All in all this was a pretty good week. My new job has been a lot of fun and it feels good to finally have a job where my skills are being used. The team has been very welcoming and are fun to work with.
My computer is back alive too... actually it was sometime before Monday but I don't recall exactly when. Anyway, it's quite zippy now. I also got a new 300GB drive at Fry's, so I now have over a half terabyte of storage.
And on that note, I've been thinking today about filesystems. We have some good Linux-native filesystems like ext3 and reiserfs, and Windows has NTFS, but there is only one filesystem that both Windows and Linux can reliably read and write: FAT. But FAT has some irritating limitations, such as a maximum file size of 4GB. This is not optimal for use on a dual-boot system, but it's the best option right now.

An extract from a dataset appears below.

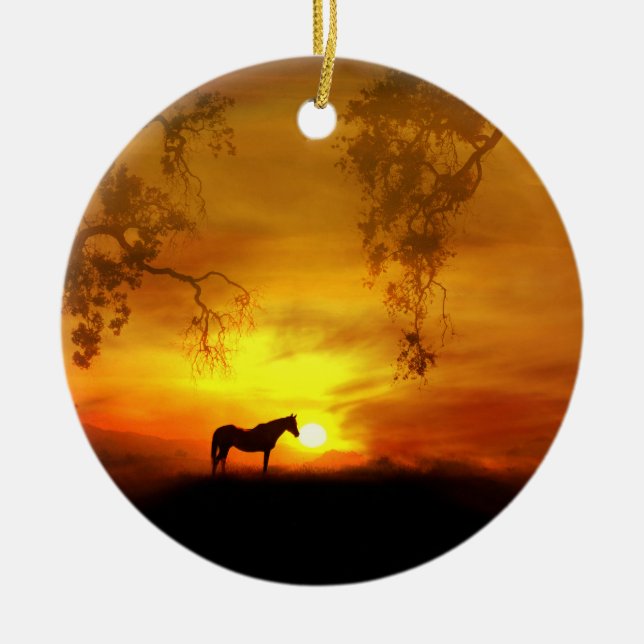 Schönes Pferd und Sonnenaufgang Keramik Ornament (Vorne)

Has anyone looked at the possibility of designing and implementing a filesystem specifically designed to be portable between operating systems? Sure we have ext3 drivers for Windows and NTFS drivers for Linux, but neither of those options are really attractive. I'd like to see someone design a filesystem that works first to the lowest common denominator: store files. After that is finished more features could be added in a multiplatform-sensitive manner. For example, allow file metadata to be stored in some sort of tree dictionary, so each operating system could have its "own" set of metadata. Linux and Windows could store permissions there without clobbering the other's data.
Even taking an existing filesystem like ext3 and modifying it for this purpose would be really handy, especially if the existing ext3 driver could handle it without destroying the metadata for other operating systems.
Just a thought. Comments welcome as usual.